On a été surpris de la vivacité de courage déployée par M. Sainte-Beuve ; on ne l’aurait pas été si on avait bien lu ce qu’il a publié depuis dix ans environ. Le critique prestidigitateur s’y efface de plus en plus devant le serviteur de la science, non seulement attentif, exact, scrupuleux, mais sincère et qui sent la dignité de son rôle. On l’avait accusé d’être un rhéteur s’arrêtant aux surfaces et ne se plaisant qu’aux images, il s’en défend : « Ma tâche, dit-il, est de comprendre et de décrire le plus de groupes possibles, en vue d’une science plus générale qu’il appartiendra à d’autres d’organiser. » Puis aussitôt, avec ce demi-sourire qui ne le quitte guère, il ajoute que c’est bien là sa prétention en ses jours de grand sérieux. En avançant en âge, il en a eu toujours plus, de ces jours de grand sérieux, et c’est pourquoi il couronne une vie plus que d’autres accidentée et mobile par une vieillesse qui ne manque ni de dignité ni de grandeur.

1868.
  1. Puisque je parle des rapports de Vinet et de M. Sainte-Beuve, je recommande aux personnes que le sujet intéresse la première note de l’Appendice du tome premier, intitulée l’Académie de Lausanne en 1837. On y trouvera une rectification importante de la manière dont ces rapports ont été présentés par M. Saint-René Taillandier dans la Revue des Deux Mondes, plus une lettre inédite de Vinet qui méritait d’être conservée.

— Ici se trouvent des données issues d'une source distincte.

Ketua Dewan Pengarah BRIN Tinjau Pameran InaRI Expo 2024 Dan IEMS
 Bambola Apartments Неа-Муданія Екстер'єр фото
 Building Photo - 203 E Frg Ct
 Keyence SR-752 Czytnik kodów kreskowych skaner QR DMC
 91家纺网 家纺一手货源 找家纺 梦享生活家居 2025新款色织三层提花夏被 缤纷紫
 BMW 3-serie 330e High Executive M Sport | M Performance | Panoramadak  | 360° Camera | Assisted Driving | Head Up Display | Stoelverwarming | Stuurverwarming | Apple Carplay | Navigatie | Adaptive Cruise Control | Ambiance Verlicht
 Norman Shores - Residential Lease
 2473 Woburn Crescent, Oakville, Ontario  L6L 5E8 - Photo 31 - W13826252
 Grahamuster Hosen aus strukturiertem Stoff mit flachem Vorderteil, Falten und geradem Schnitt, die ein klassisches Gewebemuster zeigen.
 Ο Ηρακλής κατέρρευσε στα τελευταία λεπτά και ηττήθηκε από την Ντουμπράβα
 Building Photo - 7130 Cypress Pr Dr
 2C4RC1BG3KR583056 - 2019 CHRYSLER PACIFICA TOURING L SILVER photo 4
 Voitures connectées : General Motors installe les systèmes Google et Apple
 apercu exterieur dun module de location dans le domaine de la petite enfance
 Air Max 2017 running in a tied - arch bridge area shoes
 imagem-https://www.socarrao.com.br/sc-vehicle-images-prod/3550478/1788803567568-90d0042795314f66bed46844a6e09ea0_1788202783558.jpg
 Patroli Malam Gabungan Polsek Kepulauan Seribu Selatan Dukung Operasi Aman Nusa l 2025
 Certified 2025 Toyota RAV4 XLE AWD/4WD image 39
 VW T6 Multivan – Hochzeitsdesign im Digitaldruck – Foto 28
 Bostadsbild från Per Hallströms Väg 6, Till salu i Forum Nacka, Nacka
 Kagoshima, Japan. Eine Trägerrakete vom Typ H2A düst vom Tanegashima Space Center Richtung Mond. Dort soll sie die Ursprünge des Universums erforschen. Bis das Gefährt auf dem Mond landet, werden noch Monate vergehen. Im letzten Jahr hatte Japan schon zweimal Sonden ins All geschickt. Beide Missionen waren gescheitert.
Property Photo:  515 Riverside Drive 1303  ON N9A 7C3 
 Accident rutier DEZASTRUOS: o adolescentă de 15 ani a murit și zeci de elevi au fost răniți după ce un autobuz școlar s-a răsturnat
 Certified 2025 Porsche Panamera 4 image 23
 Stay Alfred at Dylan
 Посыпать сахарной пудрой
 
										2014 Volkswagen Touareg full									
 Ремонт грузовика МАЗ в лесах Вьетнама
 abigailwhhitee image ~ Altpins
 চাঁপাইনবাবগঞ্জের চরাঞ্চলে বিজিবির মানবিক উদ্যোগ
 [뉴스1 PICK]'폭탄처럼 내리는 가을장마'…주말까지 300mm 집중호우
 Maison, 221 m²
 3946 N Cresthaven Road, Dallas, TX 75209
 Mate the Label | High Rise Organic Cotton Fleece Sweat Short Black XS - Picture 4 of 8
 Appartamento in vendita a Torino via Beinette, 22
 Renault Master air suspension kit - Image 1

  2. Je ne fais que reprendre ici et généraliser le mot de Vinet dans la lettre citée en note, page 237. « Vous seihblez, monsieur, confesser les auteurs que vous critiquez. »
  3. Port-Royal, première édition, I, 455.
  4. Port-Royal, première édit. I, 460. — Voir encore la note de la page 421.
  5. Le tome troisième de Port-Royal parut en 1848. La page en question a été publiée, avec d’autres pensées détachées, à la fin du volume intitulé « Derniers Portraits » Quelques indices portent à croire que ces pensées ont été rangées par ordre chronologique, et un peu avant celle que nous citons on en trouve une qui a une date, à 44 ans, ce qui nous reporte on 1848, ou peu après.
  6. C’est M. Sainte-Beuve qui souligne.